Ovarian cancer is the leading cause of death among gynecologic cancers. Primary focus of our laboratory is to understand the biology of ovarian cancer and develop novel therapeutic strategies. Ovarian cancer growth is accompanied by the development of malignant ascites in the peritoneum. Ascites exposes the tumor cells to persistent hypoxia. Hypoxic microenvironment provides a sanctuary to tumor initiating cancer cells and induce resistance to chemotherapy. Hypoxia also initiates peritoneal seeding and metastasis of ovarian cancer cells. Therefore, understanding hypoxia-induced adaptive changes in cancer cells is important to develop effective cancer treatment. Our studies have shown a network of microRNAs regulating hypoxia induced factor-1(HIF-1alpha), a pivotal transcription factor driving the expression of proangiogenic growth factors, metabolic reprogramming and increased cell motility. We have genetically deleted hypoxia-induced microRNA (knockout) in mice and currently investigating the loss of function of microRNA on angiogenesis, tumor growth and metastasis. 

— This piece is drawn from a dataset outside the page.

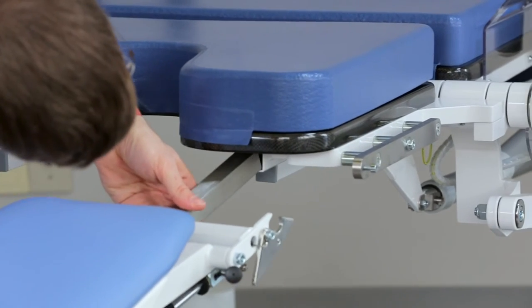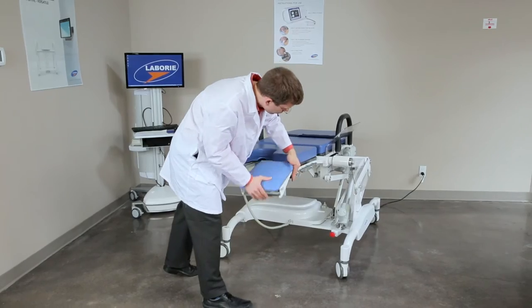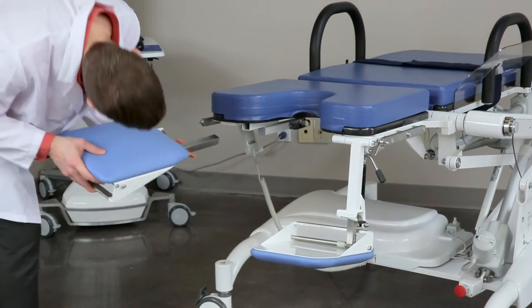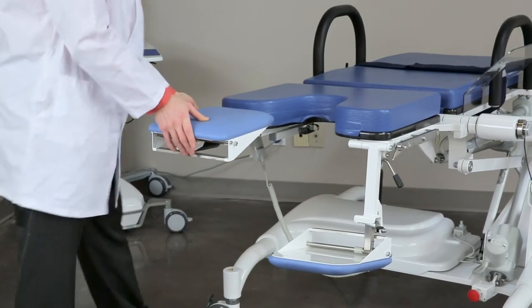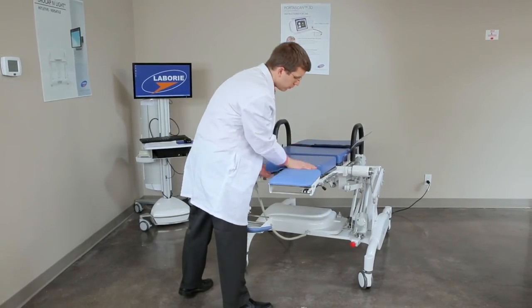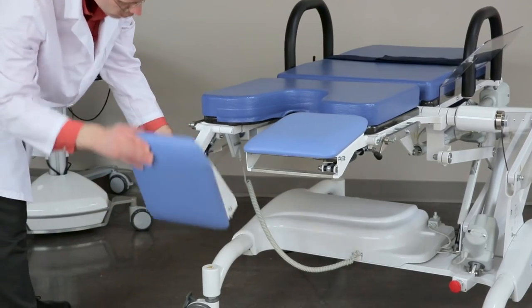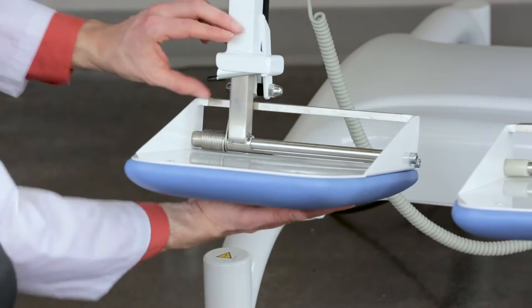Locate the square openings below the seat of the chair and slide the footrests into the tracks. The left and right side footrests can be identified by the silver triangle piece on each, which should be positioned toward the outside of the seat. To convert the footrests to become an extension to the seat, lift and push in the black lever while lifting the footrests up.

Survival of cancer patients is inversely correlated with tumor hypoxia. Therefore, methods to intervene hypoxic adaptation of cancer cells will overcome therapeutic resistance, prevent metastasis and improve survival of cancer patients. Our studies have established a close relationship between oxygen and iron levels in cancer cells. Iron homeostasis is an attractive target for cancer therapy. Intracellular iron acts as a catalyst in the formation of hydroxyl and hydroperoxy radicals via the Fenton Reaction. These free radicals can induce lipid peroxidation and membrane damage in addition to inducing DNA damage. Our preliminary studies have shown that iron synergizes with platinum and other DNA-damaging drugs, such as Doxorubicin, cyclophosphamide, and etoposide. Furthermore, treatment of athymic mice with iron and platinum drug, synergistically inhibited tumor growth and increased survival. Based on these studies, we propose to investigate the use of a clinically approved, non-toxic formulation of iron and iron nanoparticles to improve therapeutic efficacy of cancer drugs in preclinical models of cancer.

Tumor hypoxia favors the establishment of an immunosuppressive microenvironme('co ld tumors'). and prevents immune surveillance against cancer cells. Our laboratory has developed a self-anchoring immunostimulatory molecule by genetically engineering T-cell receptor binding domain of a superantigen, TSST1.  Superantigen-coated tumor cell vaccines convert 'cold tumors' to 'hot tumors' by attracting effector T-cells into the tumors.  We are currently evaluating the therapeutic efficacy of superantigen coated cancer vaccines either alone or in combination with anti-angiogenic and chemotherapeutic drugs in preclinical models.